Krakow, Auschwitz, and Wieliczka: 3-day memorial and UNESCO itinerary

Updated:

From Krakow: Auschwitz-Birkenau guided tour & hotel pickup

Duration: 3.5h

Check availability

Kraków’s two UNESCO world heritage sites and one memorial site in three days

This itinerary is designed for visitors with a specific purpose: seeing Auschwitz-Birkenau properly, visiting Wieliczka Salt Mine fully, and using Kraków’s Old Town as a base without compressing either major excursion into a half-day rush. The three days have a deliberate rhythm — city context first, the memorial in the middle alone, and the mine as the final experience.

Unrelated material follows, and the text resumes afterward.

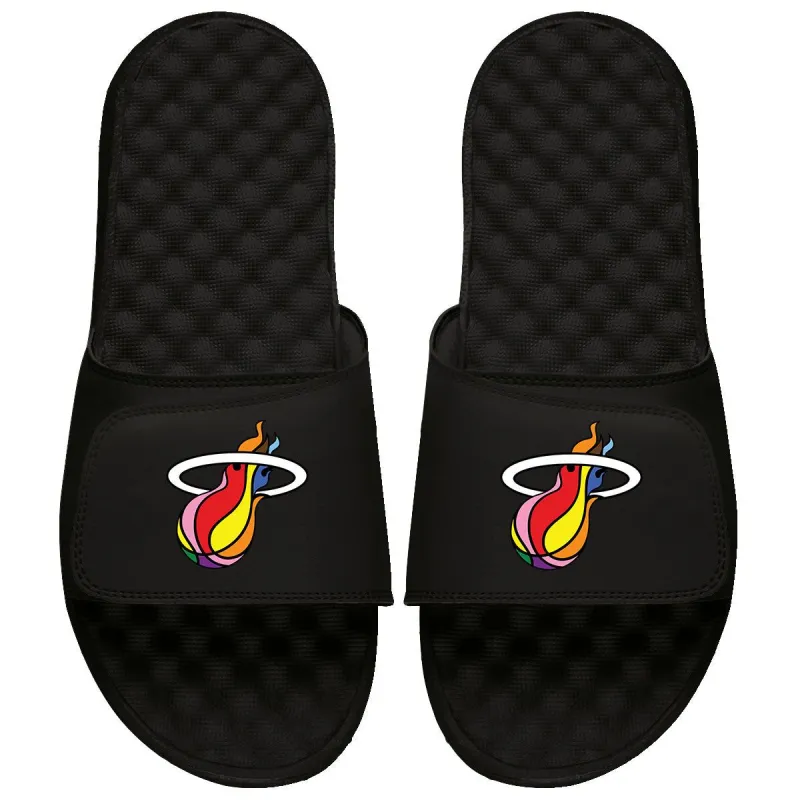 Islide Miami HEAT Pride Sandals sold by Miami Heat Store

On the logic of the sequence: Spending Day 1 in Kraków establishes context before Auschwitz. You understand the city the Nazis occupied, the Kazimierz neighbourhood from which Jews were deported, the Schindler Factory in Podgórze where some were protected. Then Day 2 at Auschwitz-Birkenau lands differently. Day 3 at Wieliczka provides a genuinely different kind of wonder — human ingenuity and underground beauty — as the closing note.


Day 1: Kraków — context, history, and Jewish heritage

9:00 — Old Town orientation

Start with a walk from the Florian Gate south along the Royal Route. The medieval defensive system — Barbican, gate, city wall — established Kraków as the political and commercial capital of Poland from the 11th century. Under Nazi occupation from September 1939, the entire Jewish population of this city was first persecuted, then concentrated in the Kazimierz neighbourhood, then transferred to the Podgórze Ghetto, then deported to death camps. Understanding Kraków before you visit Auschwitz is important.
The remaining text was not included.